Aux Izards, le quartier toulousain des Merah, Abdelkader était connu comme le loup blanc. D’abord comme délinquant notoire, alcoolique et adepte du cannabis. Son premier surnom était d’ailleurs «Jack», pour la marque de whisky Jack Daniels. Le vent tourne après les attentats du 11 septembre. Aux pieds des immeubles, Abdelkader glorifie les pirates qui écrasent leurs avions sur les tours du World Trade Center. Pour ses copains, il devient «Ben Ben», en référence au leader saoudien d’Al-Qaeda Oussama Ben Laden.

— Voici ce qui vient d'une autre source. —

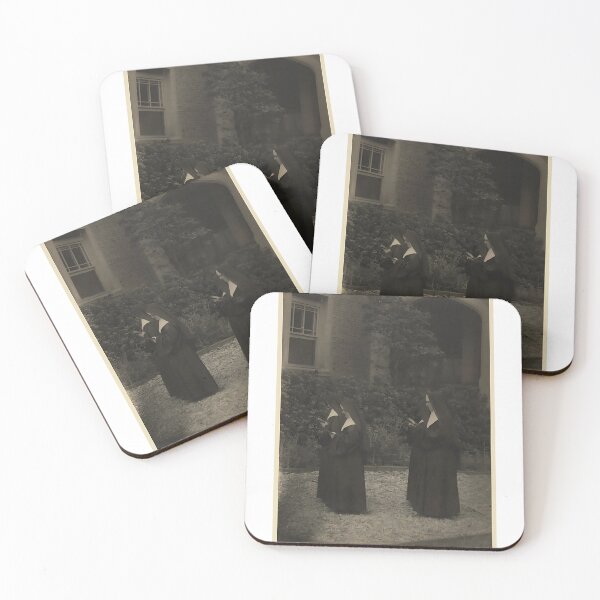 Item preview, Vintage Four nuns in procession – Vintage Catholic Nuns in Procession, Retro Faith Print designed and sold by FitEnvy.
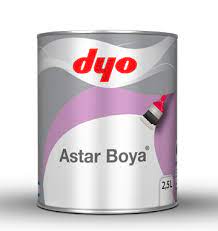 İç mekan ve dış mekan dış cephe astar boya sprey, fırça, akrilik, epoksi ve poliüretan seçenekleri mevcuttur. Astar Boya Dyo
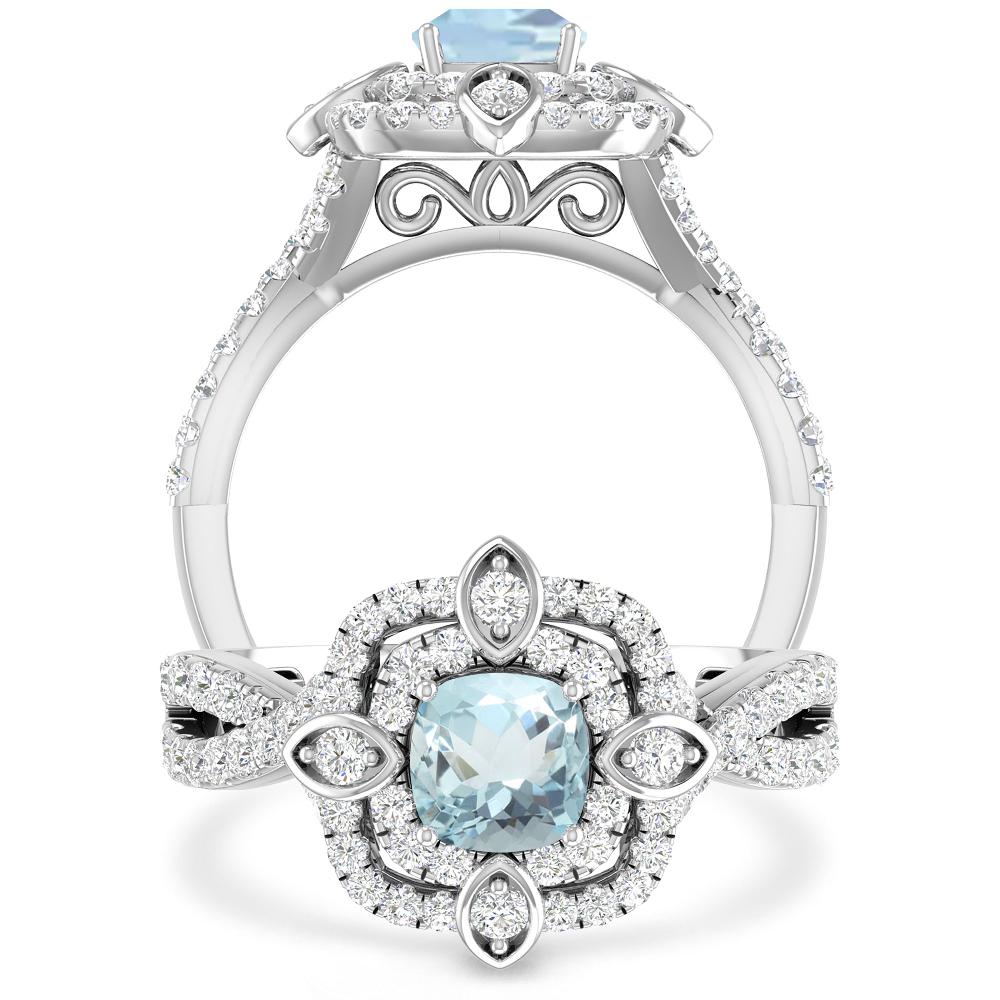 White Gold - Aquamarine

La mue, spectaculaire, se situerait autour de 2005 et d'un énième passage en détention pour des délits de droit commun. Abdelkader se convertit à l'islam radical et n'en reviendra plus. En 2006, il se marie par téléphone avec Yamina M., via un mystérieux tuteur dont il tait le nom. «Pourquoi, interroge le président. On va s'imaginer des choses...» «Vous n'avez pas besoin de ça pour imaginer des choses», rétorque, cinglant Abdelkader. De sa conversion, il dit qu'elle a eu un effet bénéfique : «Je n'ai plus eu de condamnation, je n'ai pas volé un bonbon.»
«Ma vie était parfaite»
Enfant, il fut balloté au gré des pérégrinations de sa mère Zoulikha A., mariée trois fois. Venue d'Algérie pour rejoindre le père de ses enfants, elle divorce en 1993. Abdelkader échoue alors dans un foyer à Villefranche-de-Rouergue (Aveyron). De cette dislocation, il dit : «Ma vie était parfaite avant le divorce de mes parents. Ensuite, c'était la Seconde Guerre mondiale.» En grandissant, Abdelkader prend l'ascendant à la maison. Lorsqu'il pique une colère, sa mère se calfeutre dans sa chambre. Selon un rapport éducatif, l'adolescent est alors «espiègle, intelligent, à l'affût du moindre coup».
En 2006, Abdelkader file en Egypte. Il assure vouloir y apprendre l'arabe. A son retour, l'aîné de la fratrie, Abdelghani, note un discours plus «haineux», plus «politisé», évoquant «le combat contre les Juifs, les Américains et les mécréants.» Durant l'enquête, les policiers ont exhumé une photo d'Abdelkader et Mohammed au Caire : ils posent couteau à la main devant un Coran ouvert.
Du tueur au scooter, il fut justement question au deuxième jour du procès. Au juge, Abdelkader avait dit lors de l'instruction : «Je suis fier de la façon dont Mohammed est mort. Il est mort en combattant, c'est ce que nous enseigne le Coran.» Réintérrogé à l'audience, cette fois-ci par Olivier Morice, l'avocat d'une victime de Merah, il tempère : «Si je n'ai pas condamné les actes de mon frère, c'était pour ne pas le déshonorer.» «Selon vous, Mohammed, il est en enfer ou au paradis», relance la partie civile. Abdelkader se rengorge, et lâche : «Je ne suis pas Dieu».